World affairs were not wholly abandoned. At least twice a day there were phone talks with Secretary Dulles on the Middle East impasse. Then Dulles and U.N. Ambassador Lodge flew down for their face-to-face conference. Ike also kept posted on the East Coast's longshoremen's strike and on the perilous passage of the Eisenhower Doctrine through the Senate. But behind the serious business there was always the comforting thought that the holiday would last one more week.

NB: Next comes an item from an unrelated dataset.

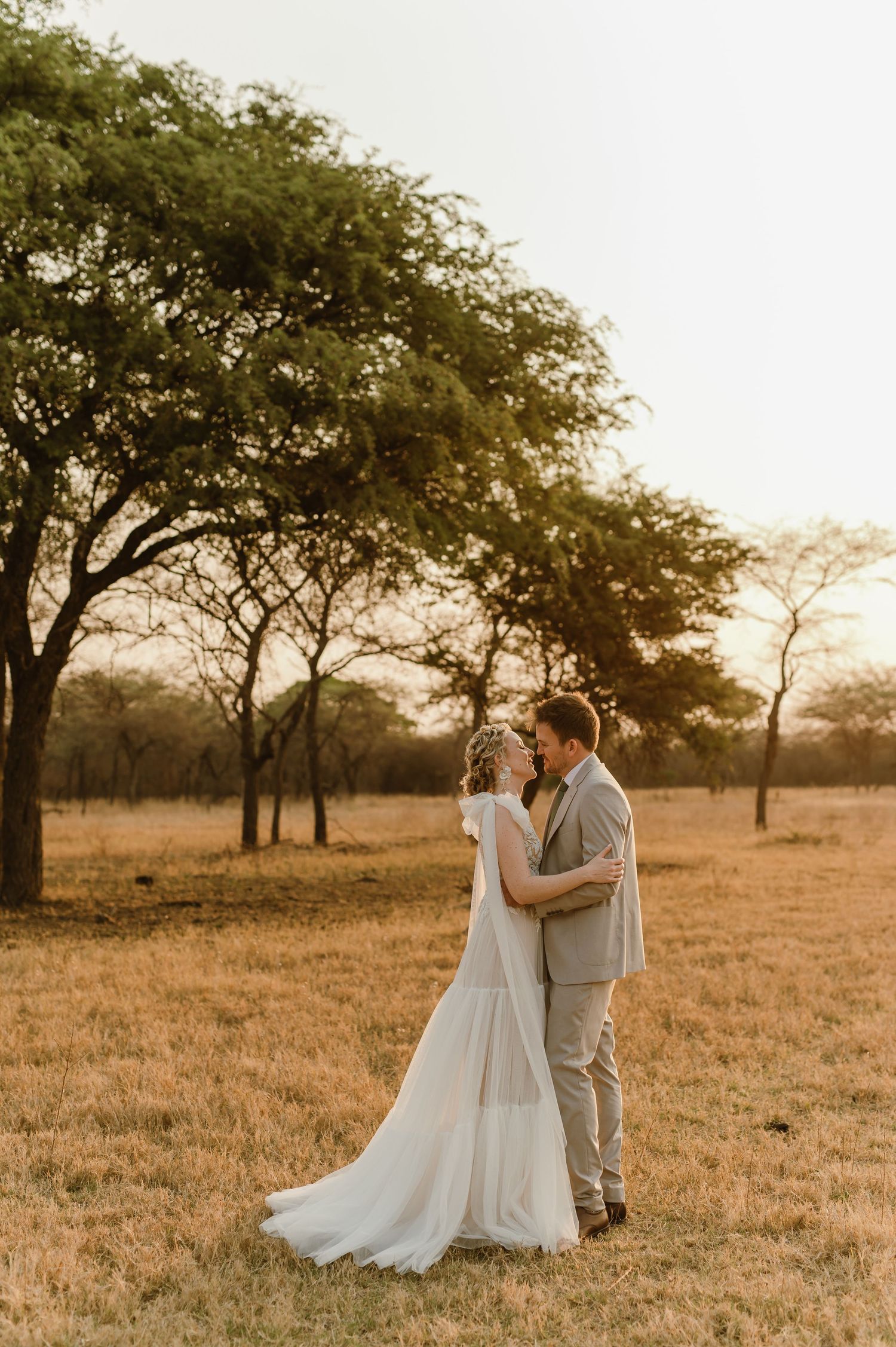 Romantic wedding portrait under acacia trees in African savanna during golden hour.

Last week the President also:
¶ Snapped up the resignation of Assistant Secretary of Defense Robert Tripp Ross, whose wife was president of a clothing company that won an Army contract for 249,000 pairs of trousers while Ross was holding down his Pentagon job. Ross's resignation came right after he finished testifying before Arkansas Democrat John McClellan's Senate Permanent Subcommittee on Investigations. McClellan's cryptic verdict: there was no conflict "as far as criminality was concerned," but "as to whether there were improprieties, that is a matter of judgment and opinion."

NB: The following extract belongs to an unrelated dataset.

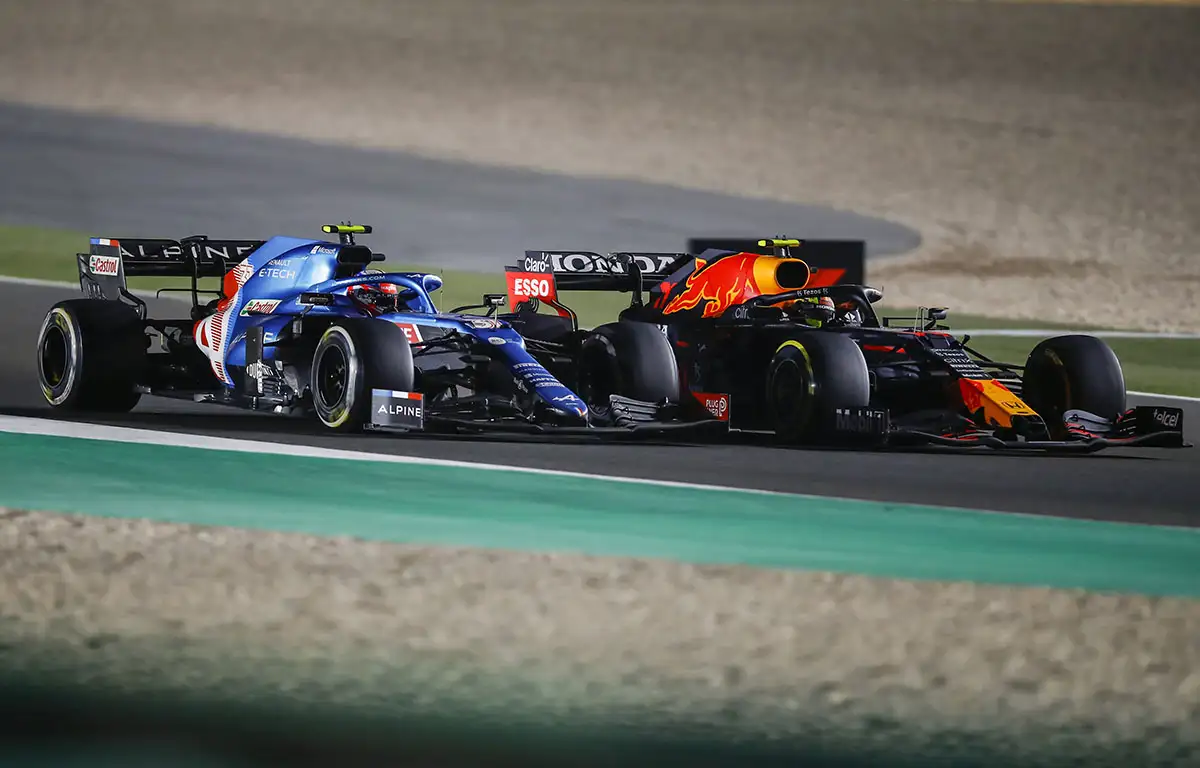 Esteban Ocon and Sergio Perez fight on track. Qatar November 2021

¶ Accepted the resignation of capable Civil Service Commission Chairman Philip Young, 46, who declined to tie himself to a new six-year term. Possible new assignment for Young, onetime head of Columbia University's Graduate School of Business, and an old friend of Ike's: U.S. Ambassador to The Netherlands.
¶ Announced the resignation of former Philadelphia Evening Bulletin Correspondent Carl W. McCardle, who for four years served as Assistant Secretary of State for Public Affairs, and received one of Ike's warmest sorry-to-see-you-go letters.